** SUPPLIED DATA follows **

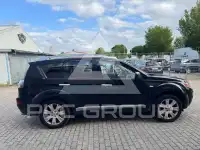 2008 Mitsubishi OUTLANDER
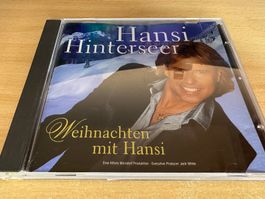Hansi Hinterseer – Weihnachten Mit Hansi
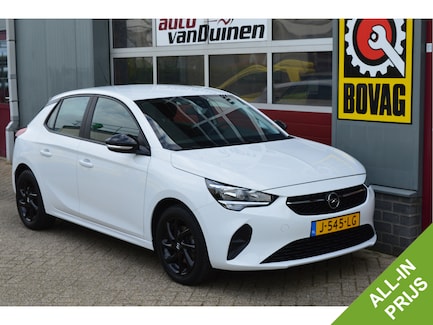 Opel Corsa 0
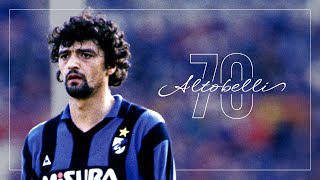 BUON COMPLEANNO SPILLO ALTOBELLI🖤💙?? | INTERVISTA ESCLUSIVA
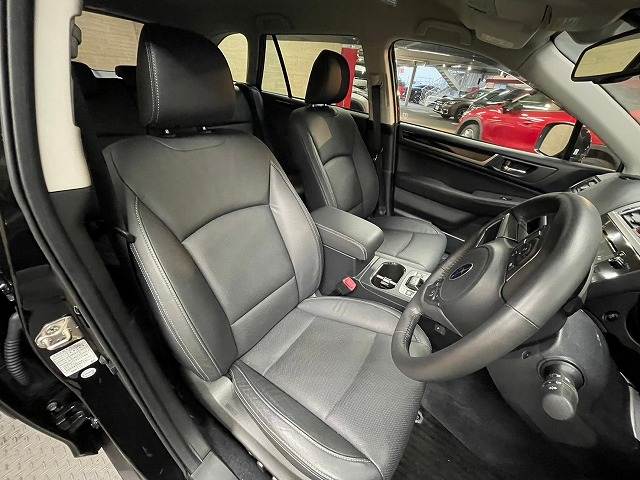 スバル&nbsp;レガシィアウトバックの画像9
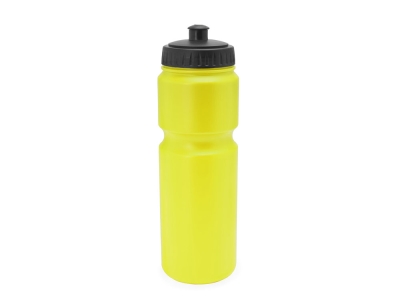 Бутылка спортивная KUMAT, желтый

** End of SUPPLIED DATA **

REQUIREMENT
Only the lines from the one containing "Opel Corsa 0" through the end of the data above are to be output, exactly and without pictures.

RESPONSE
 Opel Corsa 0
 BUON COMPLEANNO SPILLO ALTOBELLI🖤💙?? | INTERVISTA ESCLUSIVA
 スバル&nbsp;レガシィアウトバックの画像9
 Бутылка спортивная KUMAT, желтый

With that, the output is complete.